Here’s what I envision the training architecture to be like.
First, train a foundational World Model. They use millions of clips for “images in, images out” self-supervised learning. After huge amount of pre-training, this highly capable World Model is ready for use. Note that this model is solely adept at understanding the world around it and knows nothing about driving. It operates on an “images in, images out” basis.

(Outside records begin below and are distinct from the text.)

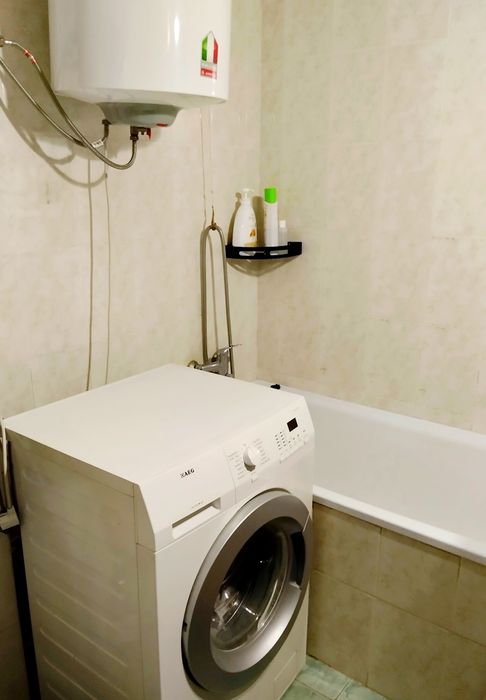 Сдам 1 комнату с хозяйкой.Таирова 1 эт.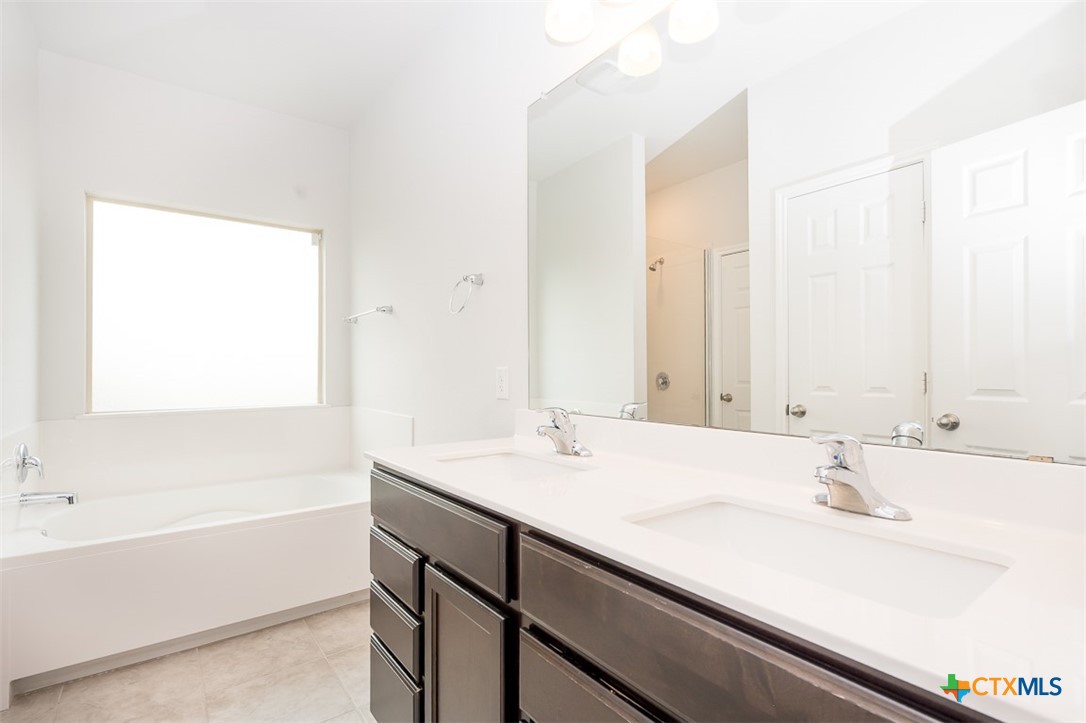 2605 Cortona Street Property Photo 30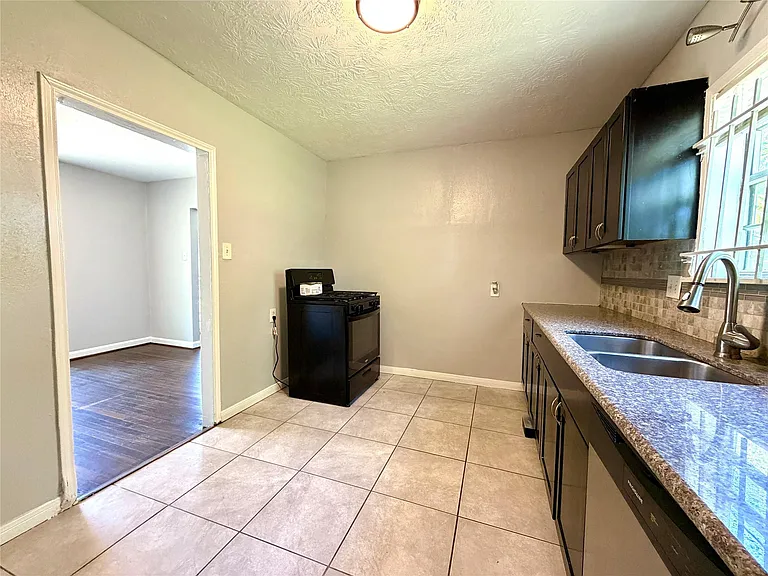 7120 Goforth St — Photo 9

Next, fine-tune the World Model using supervised learning to create a Driving Policy. Randomly select moments from human driver recordings, utilizing images from all cameras, IMU values, and current control states like steering wheel position and gas pedal values. Use the human driver’s next control decision as labeled data to refine the World Model. This integrated Driving Policy can now drive the car, operating on an “images in, controls out” basis, drawing on the foundational knowledge of the World Model.
Next, develop a Reward Model for desirable driving behavior. Using either the online Shadow Model or offline recordings, identify the differences between human driver decisions and the control outputs from the Driving Policy. Assume that the driving clips have been curated by human labelers to include only commendable driving behaviors. These serve as the standards for rewarding the Driving Policy. Using this data, you can then train the Reward Model.
Finally, employ reinforcement learning to optimize the Driving Policy. You can use methods like PPO or something similar for this step. Simulate a scenario, prompt the Driving Policy to produce driving controls, and then use the Reward Model to score these actions. Based on these scores, update the policy accordingly.
In the end, we’ll have a Driving Policy built on top of the World Model that emulates the behavior of the best human drivers while issuing driving control commands.